▸ **Exercise goal**
From the records below, print only the part that opens with the line containing "BaBylissPRO Nano Titanium" and closes with the line containing "Fly Agaric clay toadstool art sculpture"; omit the pictures.

-------- Dataset excerpts --------

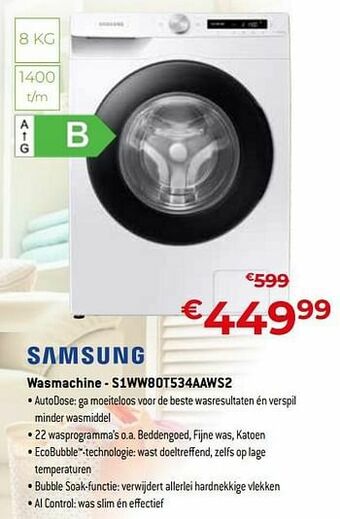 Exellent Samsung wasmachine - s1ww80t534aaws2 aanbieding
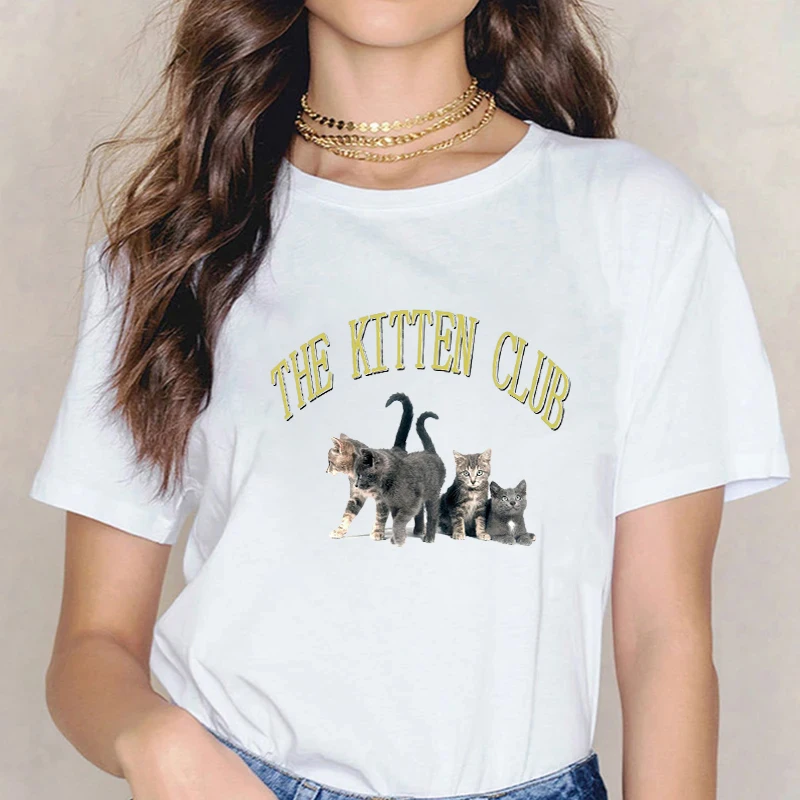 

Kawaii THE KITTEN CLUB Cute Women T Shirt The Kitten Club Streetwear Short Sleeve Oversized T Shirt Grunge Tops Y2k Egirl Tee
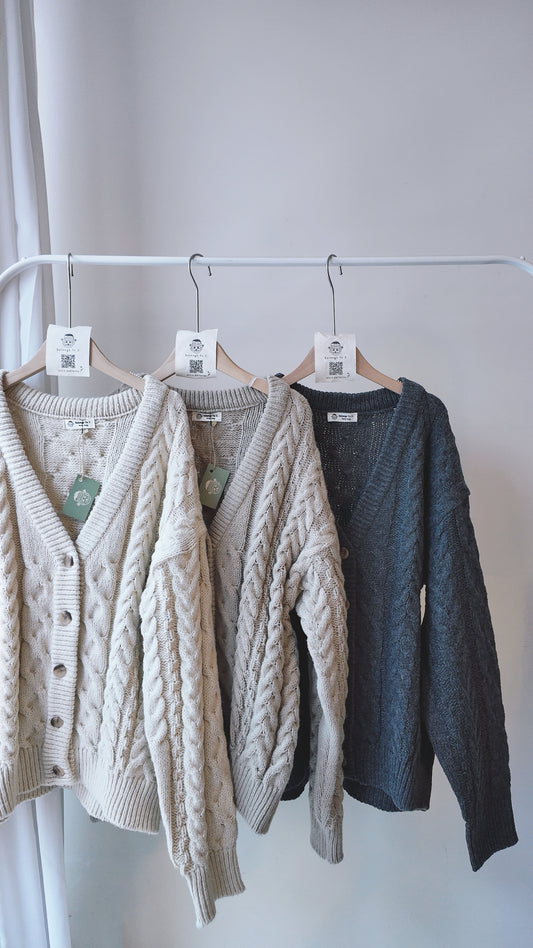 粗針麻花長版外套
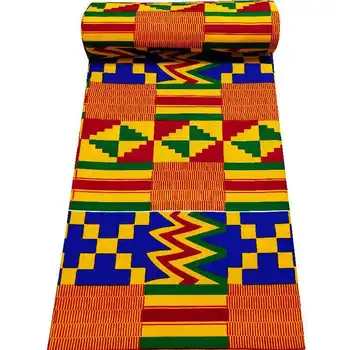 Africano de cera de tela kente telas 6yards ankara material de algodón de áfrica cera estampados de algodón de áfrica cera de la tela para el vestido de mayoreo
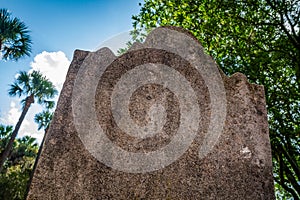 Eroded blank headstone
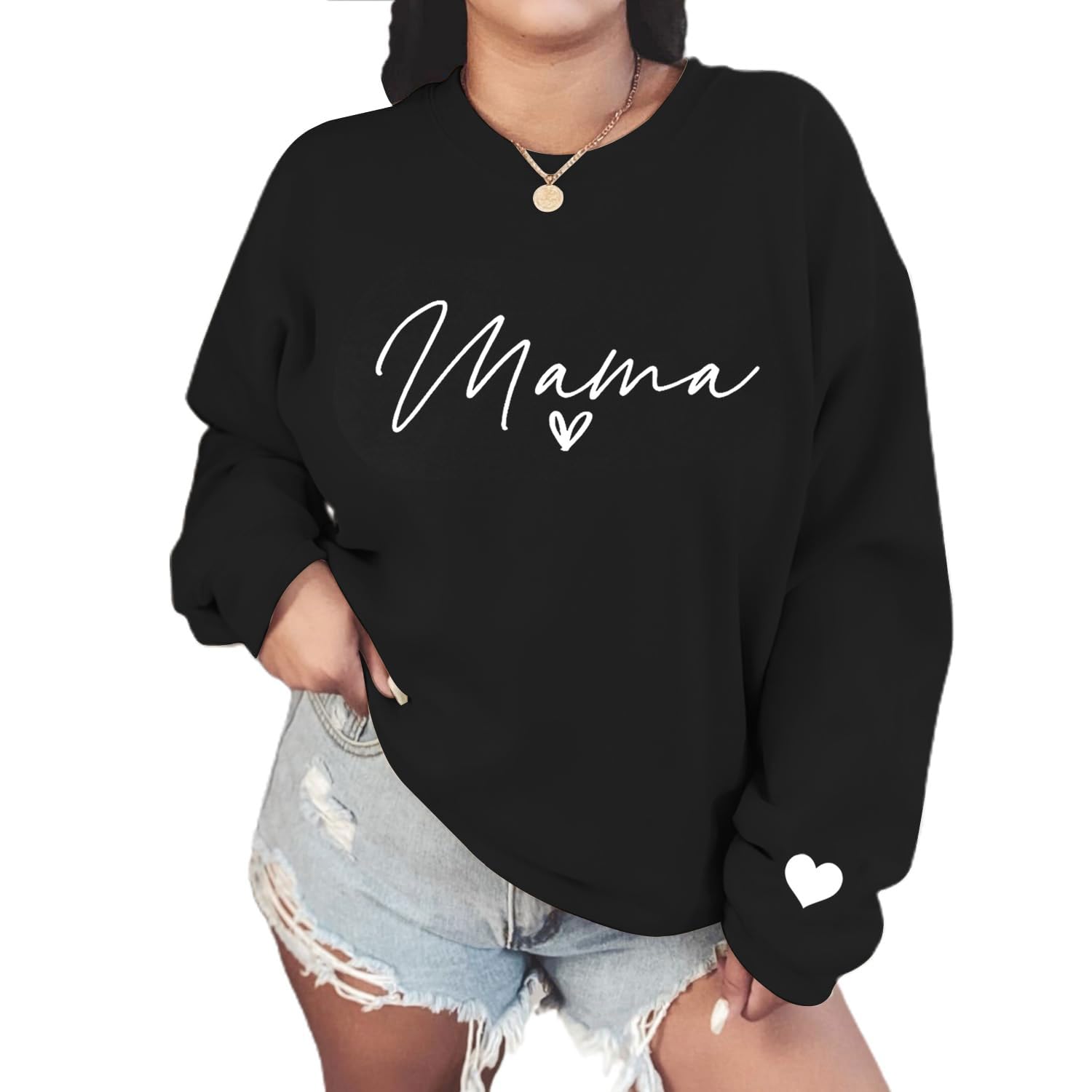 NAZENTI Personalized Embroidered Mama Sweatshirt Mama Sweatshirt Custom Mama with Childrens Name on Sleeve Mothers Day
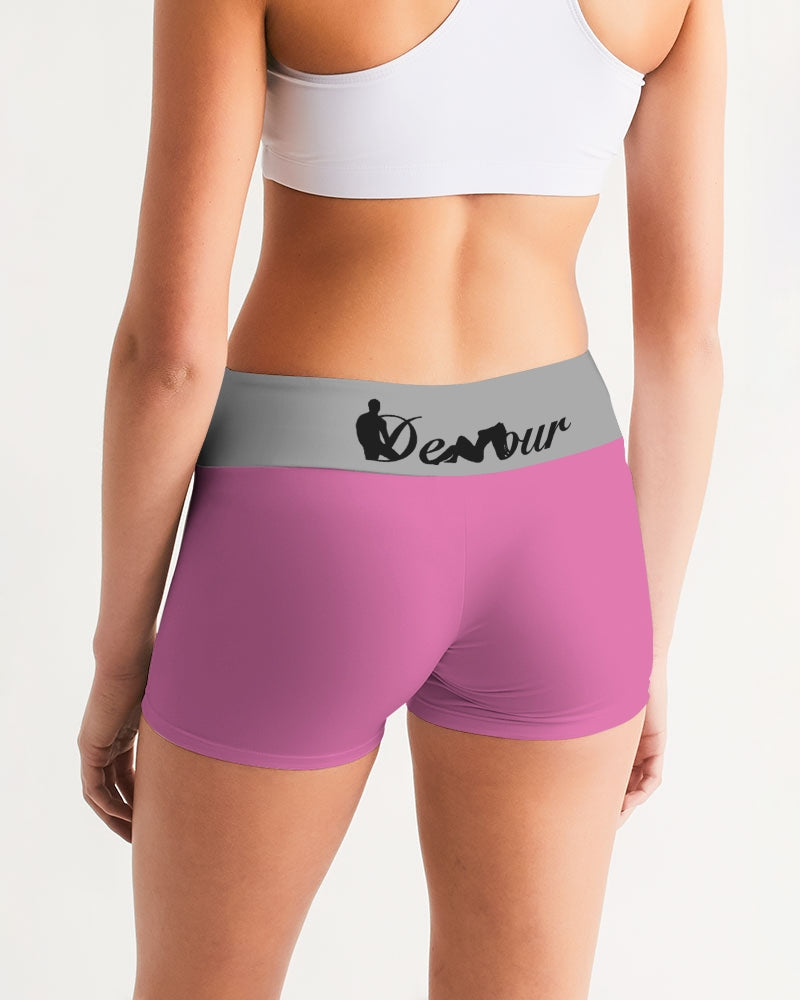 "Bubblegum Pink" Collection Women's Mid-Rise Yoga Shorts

--------
-------- Dataset excerpts --------

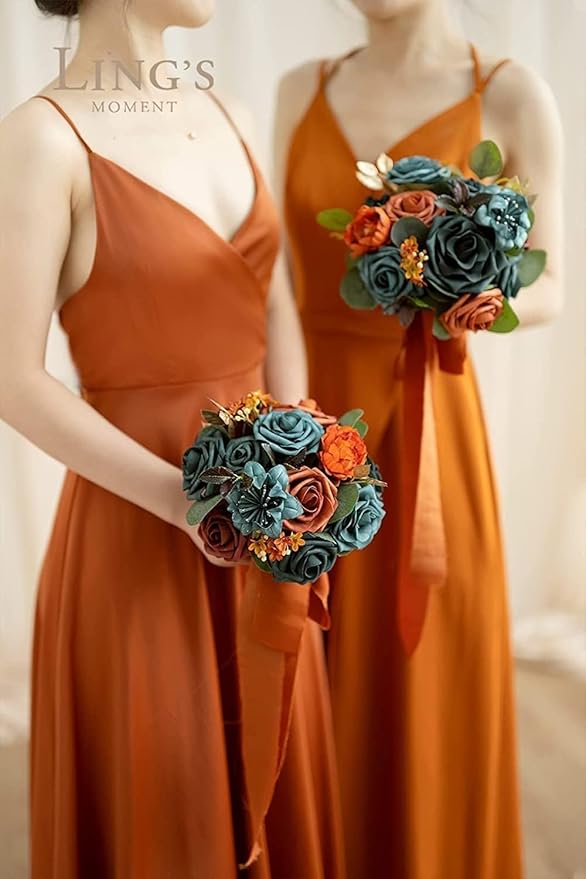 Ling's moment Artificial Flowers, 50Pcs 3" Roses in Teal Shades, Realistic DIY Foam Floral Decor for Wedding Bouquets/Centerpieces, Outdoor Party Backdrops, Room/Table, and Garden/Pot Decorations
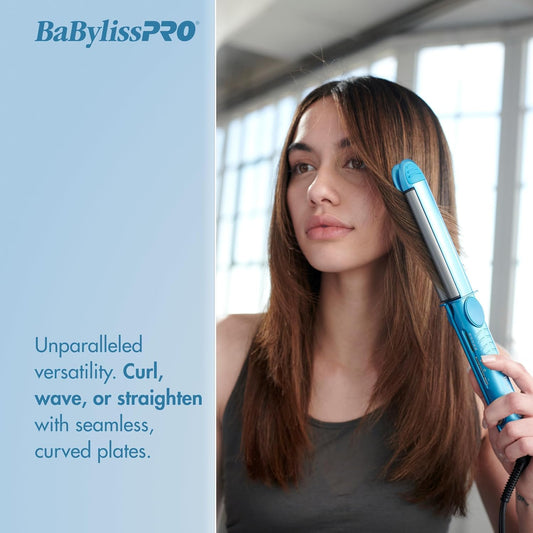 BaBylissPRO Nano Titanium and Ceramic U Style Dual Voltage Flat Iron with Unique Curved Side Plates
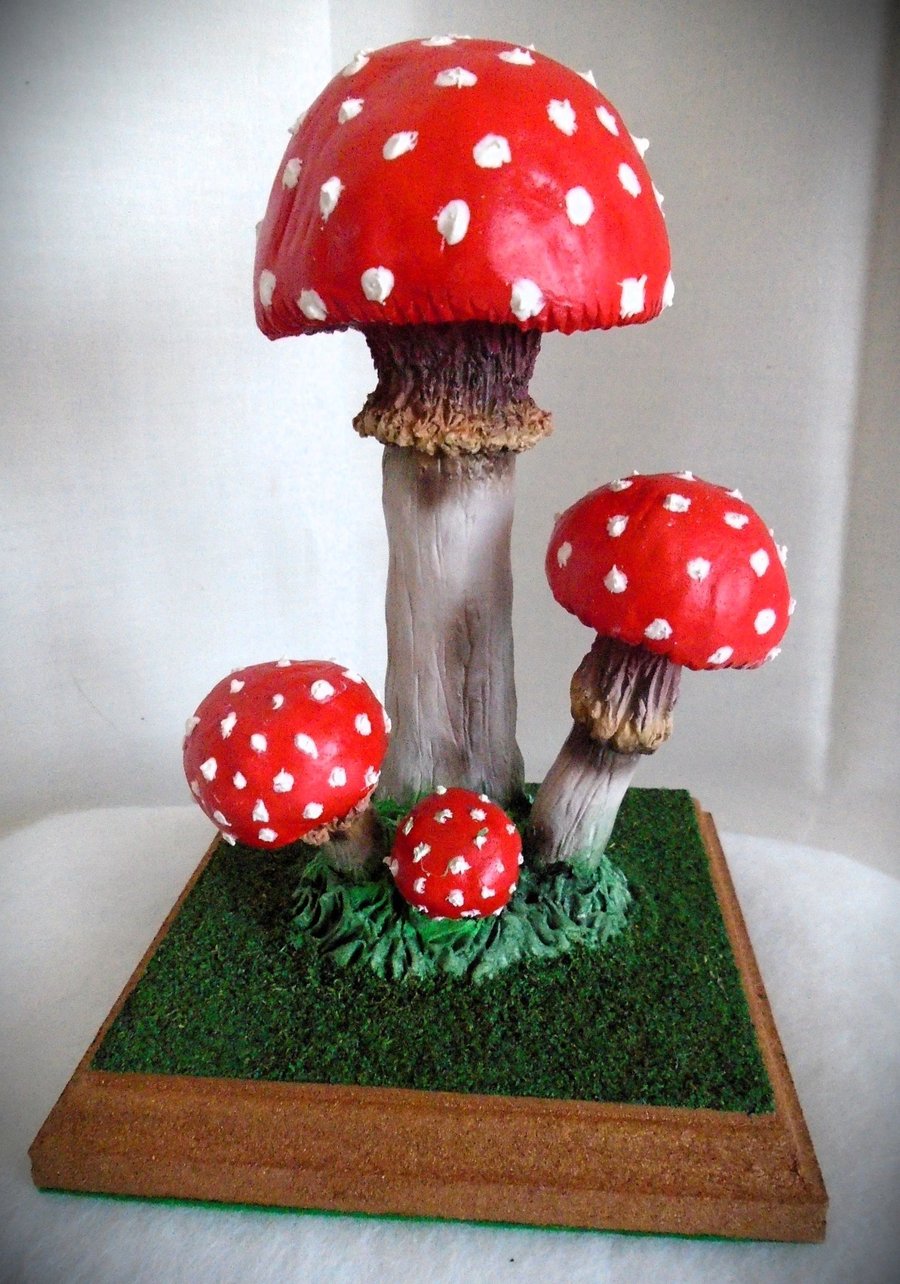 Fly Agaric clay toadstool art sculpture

--------
-------- Dataset excerpts --------

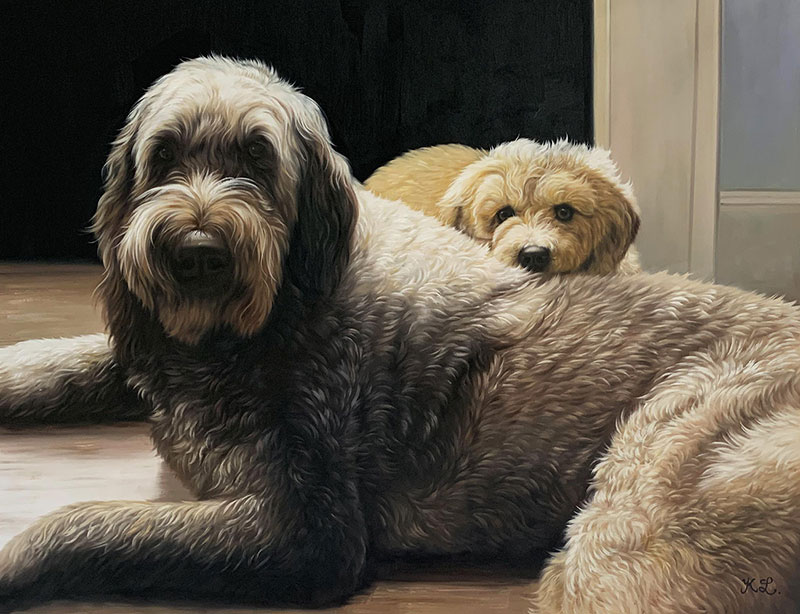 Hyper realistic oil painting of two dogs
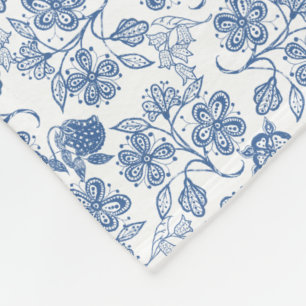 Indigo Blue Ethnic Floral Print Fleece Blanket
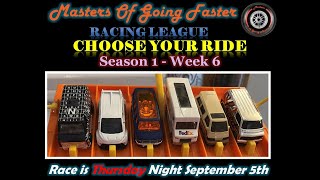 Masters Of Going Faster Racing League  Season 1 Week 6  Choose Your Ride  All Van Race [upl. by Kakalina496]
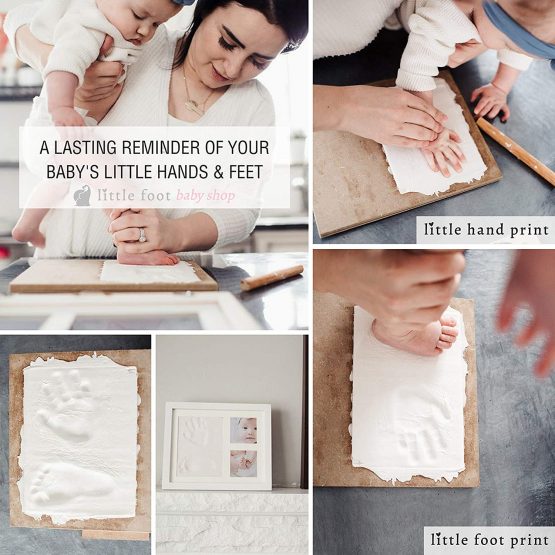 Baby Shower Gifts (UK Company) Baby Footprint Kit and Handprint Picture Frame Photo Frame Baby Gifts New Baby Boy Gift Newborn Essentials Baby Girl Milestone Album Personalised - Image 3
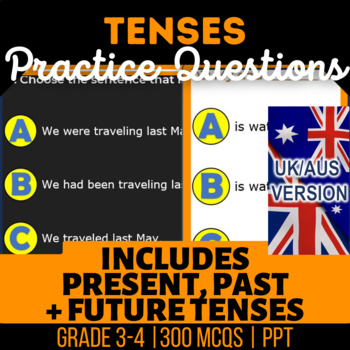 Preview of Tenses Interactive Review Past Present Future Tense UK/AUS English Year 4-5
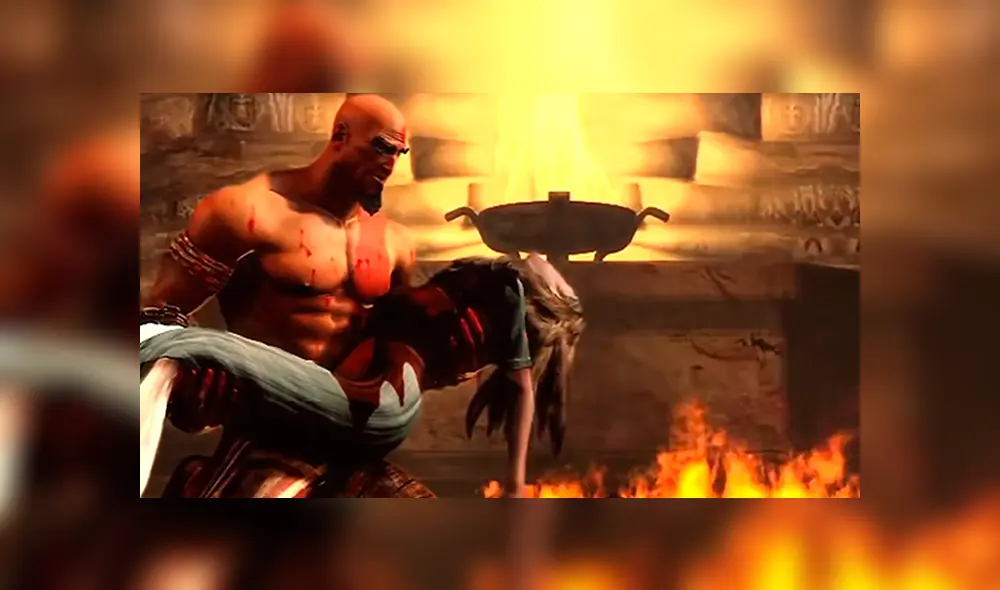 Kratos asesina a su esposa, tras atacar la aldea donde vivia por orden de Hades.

--------

▸ **Answer to the problem**
 BaBylissPRO Nano Titanium and Ceramic U Style Dual Voltage Flat Iron with Unique Curved Side Plates
 Fly Agaric clay toadstool art sculpture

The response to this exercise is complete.